The Northridge earthquake

We demonstrate the method by simulating strong ground motions from several slip models for the 17 January 1994 Mw 6.7 Northridge earthquake. A model derived from near-source strong ground motions, P and SH teleseismic body waves, and GPS and spirit leveling geodetic data provides reference time histories and peak ground motions for comparison with the motions obtained from the source models inferred from uniform and variable-slip models derived from geodetic data only.

To assess the methodology, we compare the observed and modeled velocity waveforms at near-source stations surrounding the event. To account for site effects, we applied site amplification factors to the waveforms based on the upper 30 m shear wave velocity. Amplification factors are calculated by considering differences in impedances for the rock and soil layers (upper 30 m) for a normal incidence seismic wave.

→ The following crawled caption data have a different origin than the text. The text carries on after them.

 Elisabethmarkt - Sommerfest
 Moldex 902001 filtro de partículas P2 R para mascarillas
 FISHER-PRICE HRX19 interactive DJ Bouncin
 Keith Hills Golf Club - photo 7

For most stations and components, predicted strong ground velocities for the reference and variable-slip models are similar to the observed velocities, whereas the uniform-slip model tended to underpredict the velocities. Simulated peak ground velocity (PGV) ShakeMaps for the three models showed similar behavior with the PGV values derived from the uniform-slip model significantly less than the other two models, possibly because the model is too smooth and spread in time. The simulated PGV for reference and variable-slip models showed the roughly the same extent of the 10-20 cm/s contours, the level at which structural damage can occur (Figure 13.41).

Since our objective is to develop a method that is practical in a rapid (on the order of 30 minutes) post-earthquake time frame, we made several simplifying assumptions such as constant slip and rupture velocity. As more information becomes available following an earthquake it may be possible to invert for models to resolve these parameters, but such analysis is not applicable in an automated fashion. Nevertheless, to first order, assuming rupture velocity is constant performs well in describing the overall directivity effect and in simulating peak ground velocity for ShakeMap purposes. Although studies of many events show that the slip velocity is not spatially constant, the assumption is generally applicable given that many spatio-temporal slip models have longer duration for larger slip.

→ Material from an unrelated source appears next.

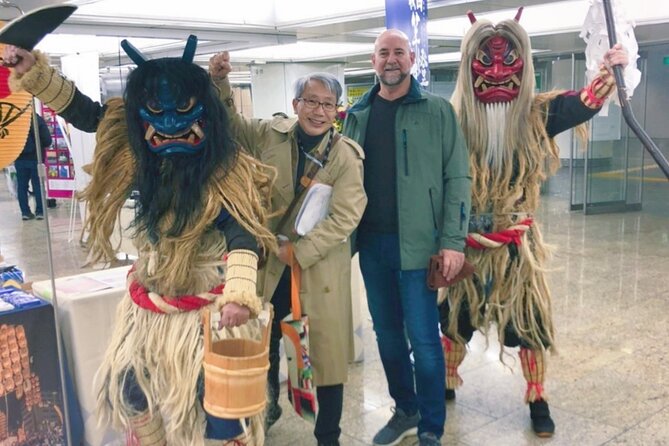 Licensed Guide Shinjuku Underground Mall Tour (Tokyo) - Good To Know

Future work will test this methodology for other large, well-studied events, such as 2003 San Simeon, 1992 Landers, and 2004 Parkfield, to optimize the rules for time variation of slip. Combining the optimized rules and near real-time measurement and inversion of GPS displacement vectors can reduce the estimation time of the extent of near-fault strong ground shaking, and thus could facilitate better emergency response activities.

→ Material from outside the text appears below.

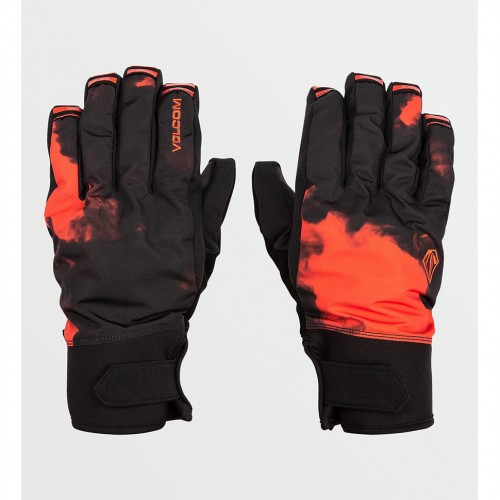 Перчатки VOLCOM Vco Nyle Glove  Magma Smoke 2021, фото 1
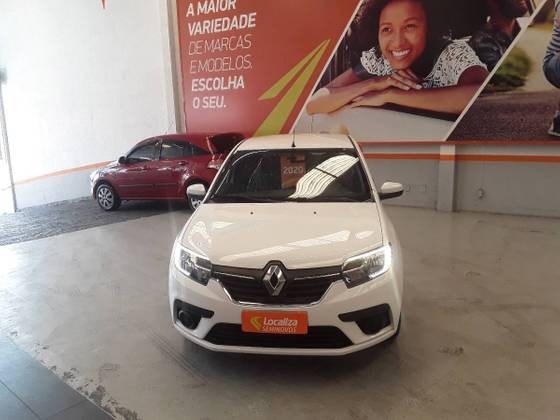 LOGAN 2019/2020 1.6 16V SCE FLEX ZEN MANUAL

Figure 13.41: (a) PGV ShakeMaps simulated for the Northridge earthquake for model UNI. Black contours of PGV represent the geometric mean of two horizontal PGV components. The minimum level of contour is 10 cm/s and the interval is 20 cm/s. The dotted line is the 20 cm/s contour, indicating the extent of significant structural damage. The black star indicates mainshock epicenter. The black dots are the grid locations where strong motions are derived for ShakeMap. Black bold numbers on the map indicate 15 observed PGV. (b) Same as (a) for modeL REF. (c) Same as (a) for model VAR. (d) The simulated PGV values at 15 stations as a function of real observations for models VAR (triangles), REF (squares), and UNI (inverted triangles) and the best fitting lines for models VAR (thin grey), REF (thick black), and UNI (dotted grey). (e) The best fitting lines assuming different stress drops for constant rupture velocity of 3.0 km/s. For the reference, the perfect agreement line is indicated with the dotted gray line. (f) The best fitting lines assuming different rupture velocities for constant stress drop of 100 bars.